-- EXTRACTED MATERIAL --
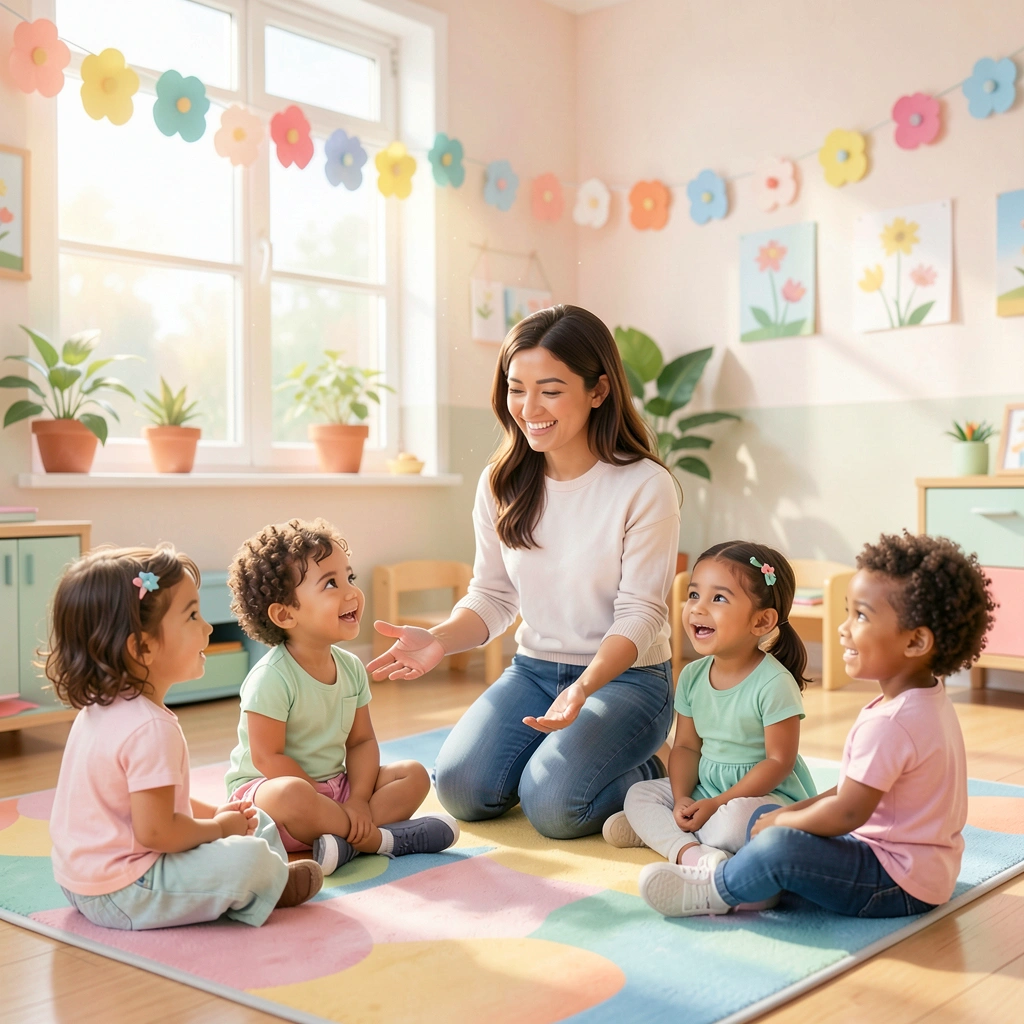 Powitanie w kole - Materiały - Pierwszy Dzień Wiosny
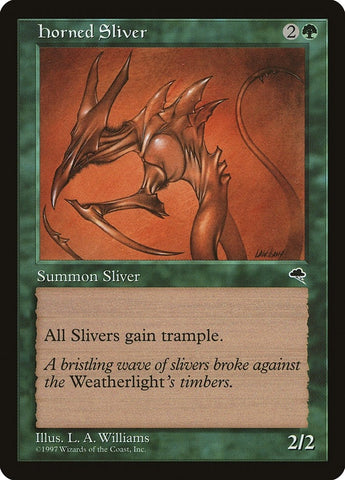 Image for Horned Sliver (234) [Tempest]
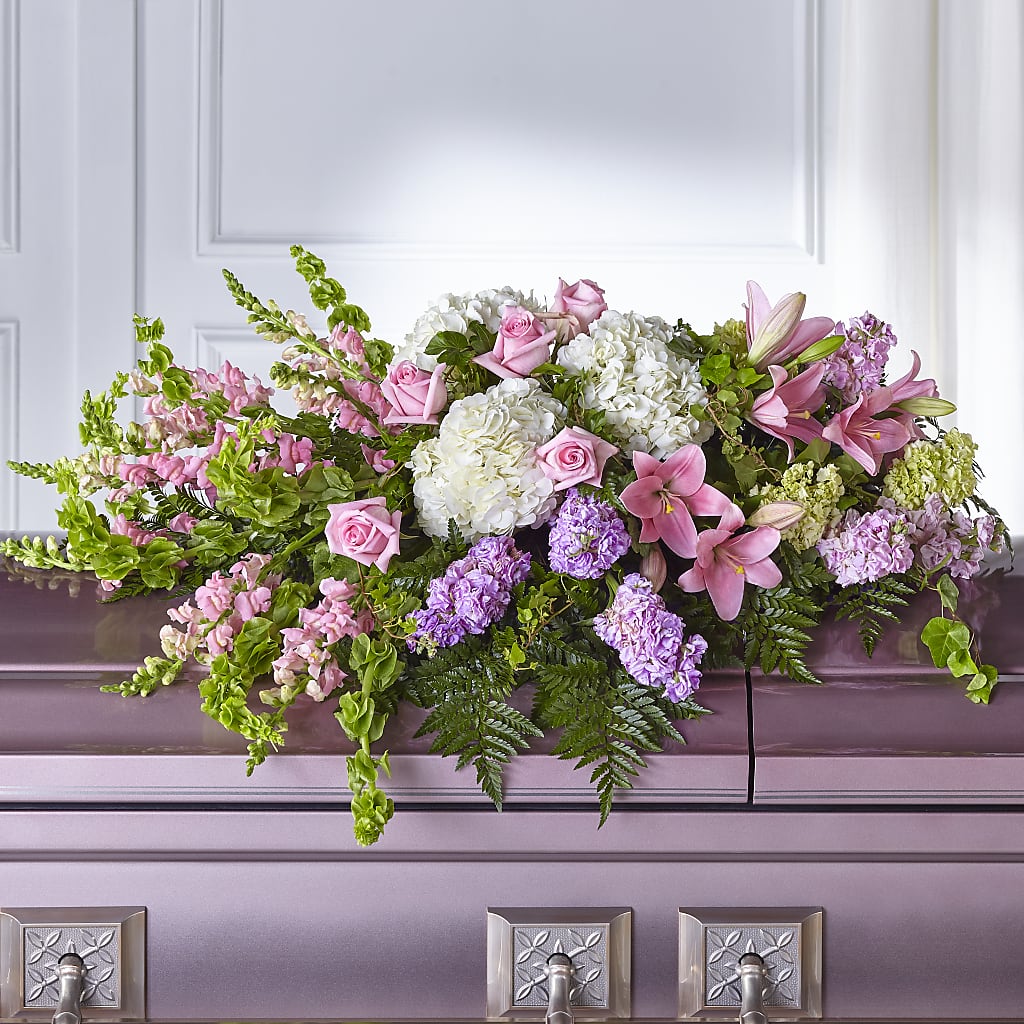 Life's Gratitude Casket Spray – Caines Flowers, Barberton OH
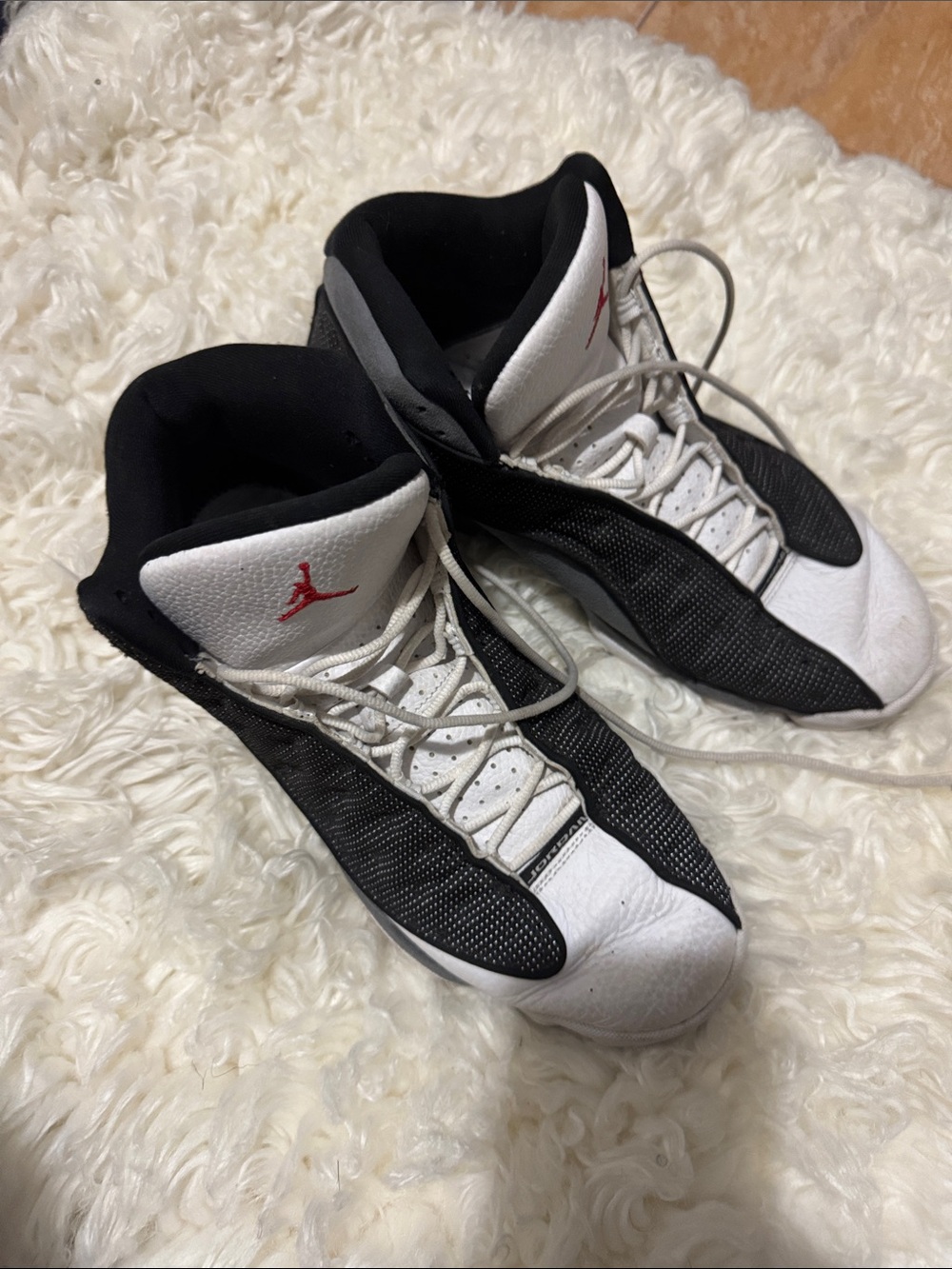 Jordan Black and White Interior Labeled Sneaker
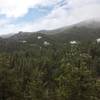 View from Mountain Lion Trail at Golden Gate Canyon State Park.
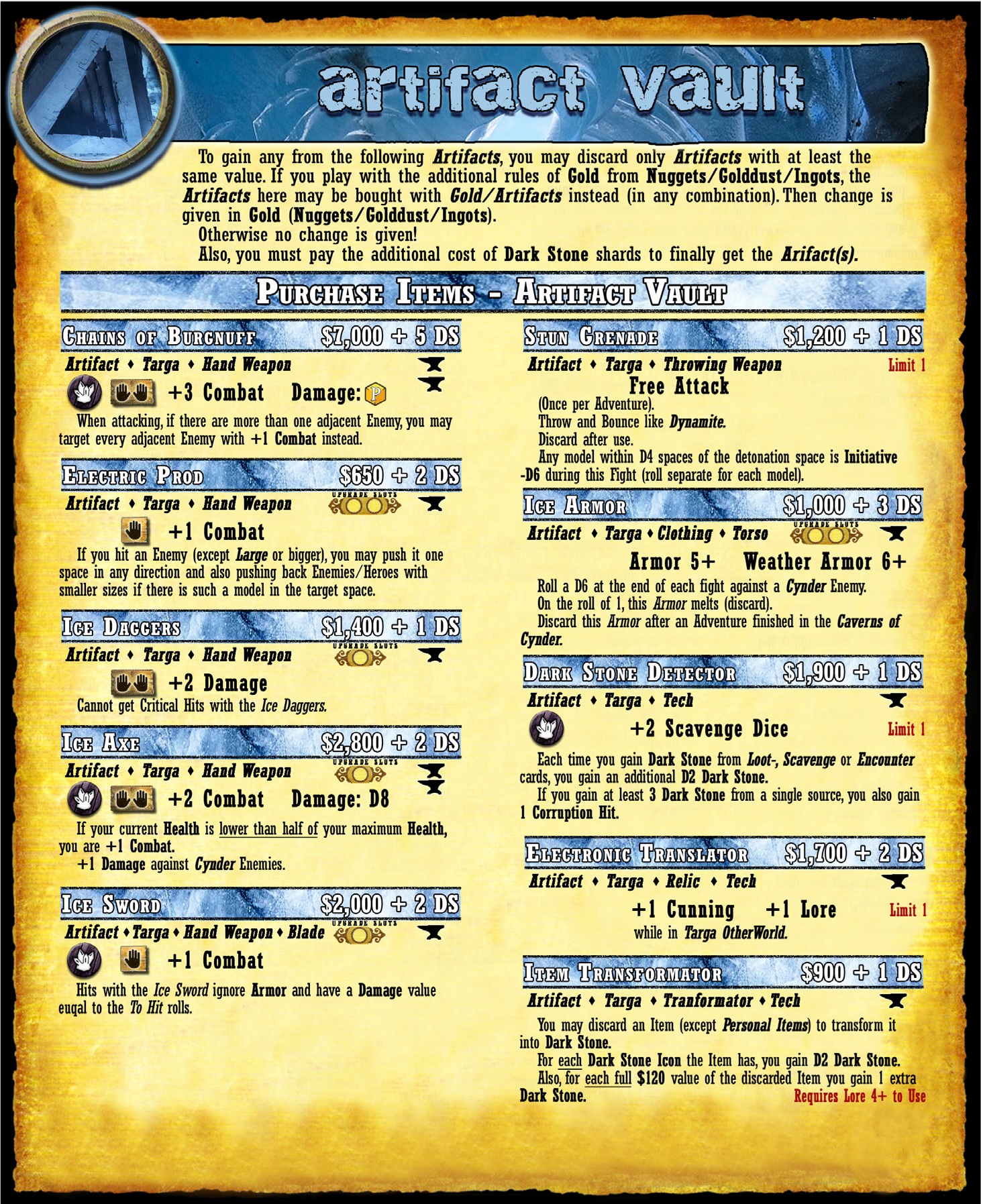 Artifact Vault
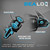 Quantum Merit Spinning Reel, a detailed diagram showing its sealed body and resistance-free rotor sealing features.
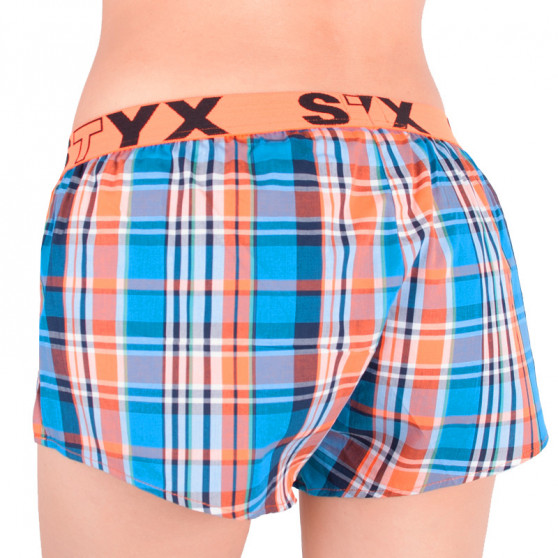 Damshorts Styx sport elastisk flerfärgad (T608)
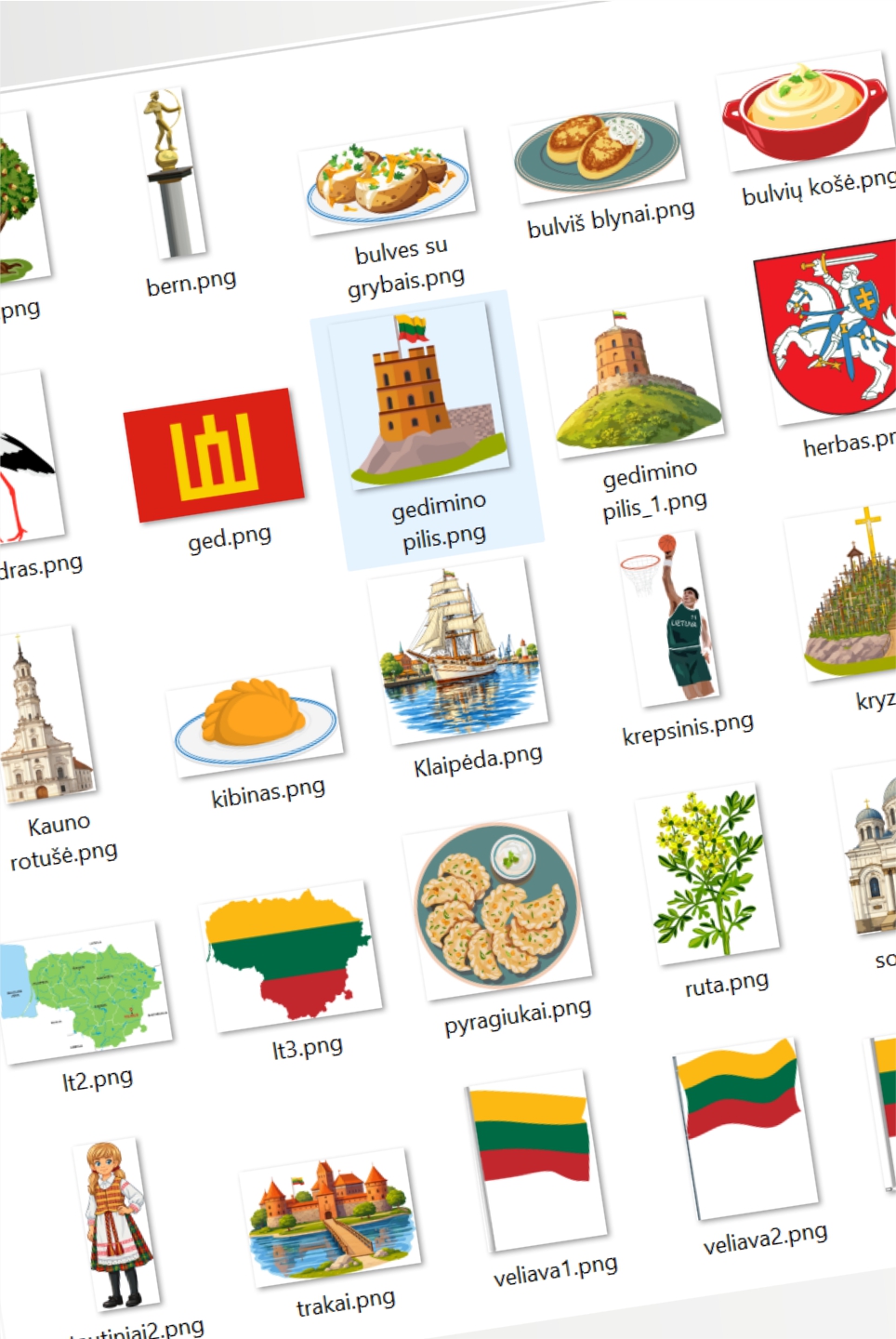 LIETUVOS SIMBOLIAI PAVEIKSLIUKAI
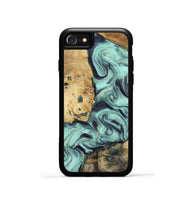 iPhone SE Wood Phone Case - Shirlee (Green, 801785)
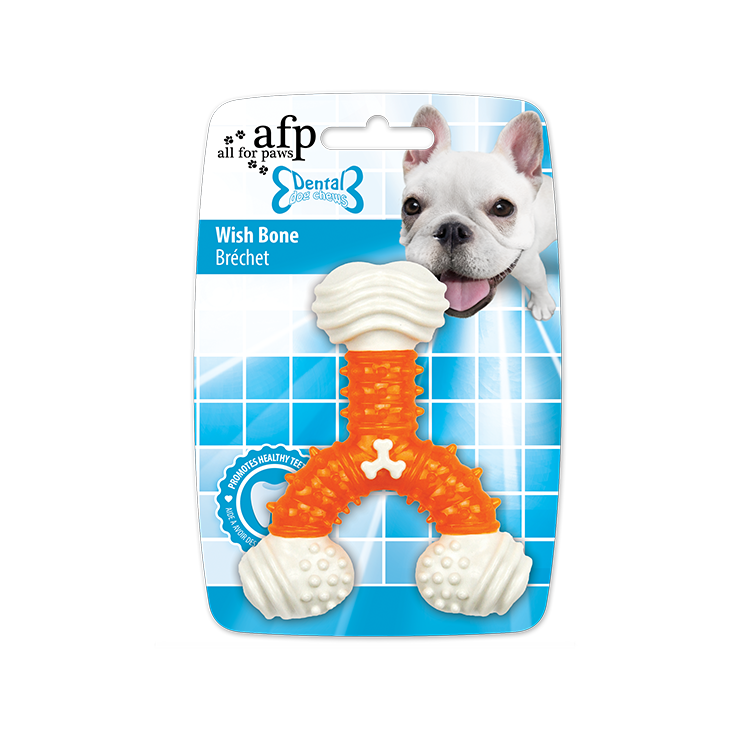 All For Paws Dental Chews Dental Wish Bone Orange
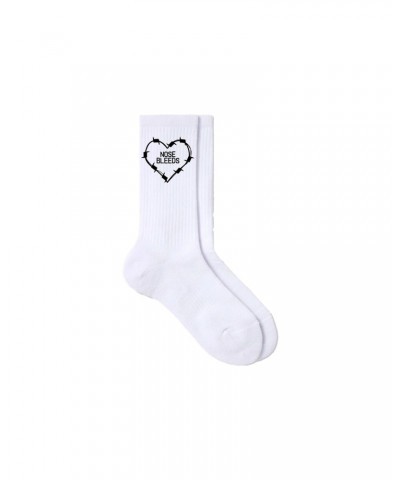 MisterWives Nosebleeds White Socks $6.47 Footware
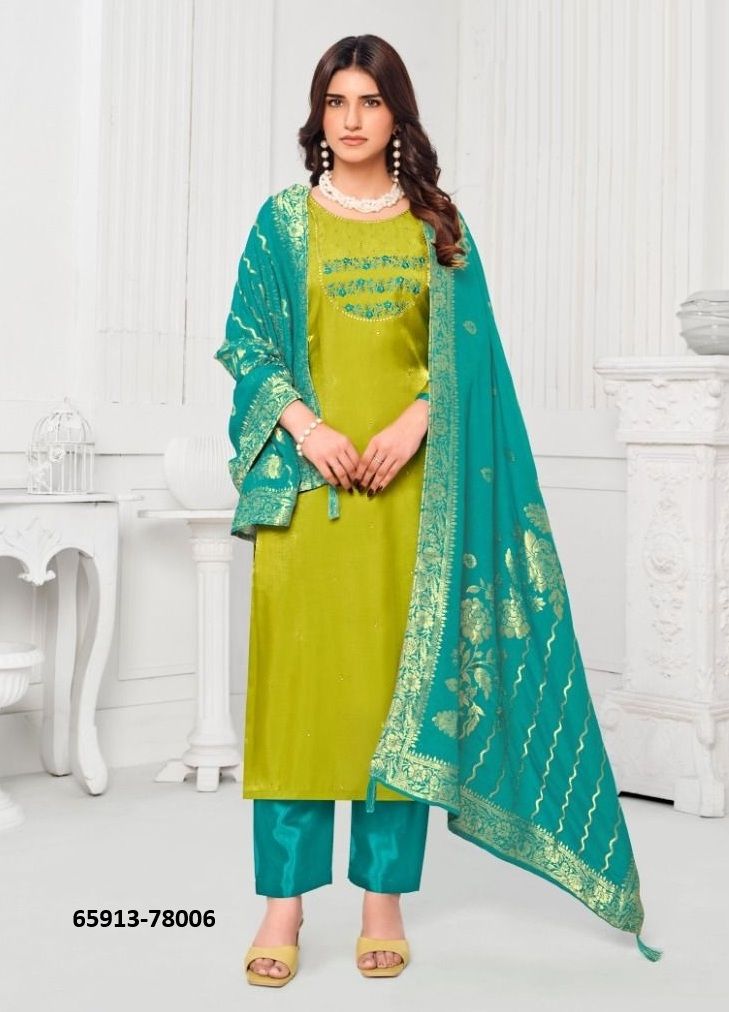 MUMKIN - Catalog # 65913 (Set of 12 Readymade Salwar Suits) MUMKIN - Catalog # 65913 (Set of 12 Readymade Salwar Suits)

-- TASK --
Using the records above, return word for word the lines that begin at the one containing "View from Mountain" and end at the one containing "Damshorts Styx sport", both of them included and no pictures.

-- RESPONSE BOX --
 View from Mountain Lion Trail at Golden Gate Canyon State Park.
 Artifact Vault
 Quantum Merit Spinning Reel, a detailed diagram showing its sealed body and resistance-free rotor sealing features.
 Damshorts Styx sport elastisk flerfärgad (T608)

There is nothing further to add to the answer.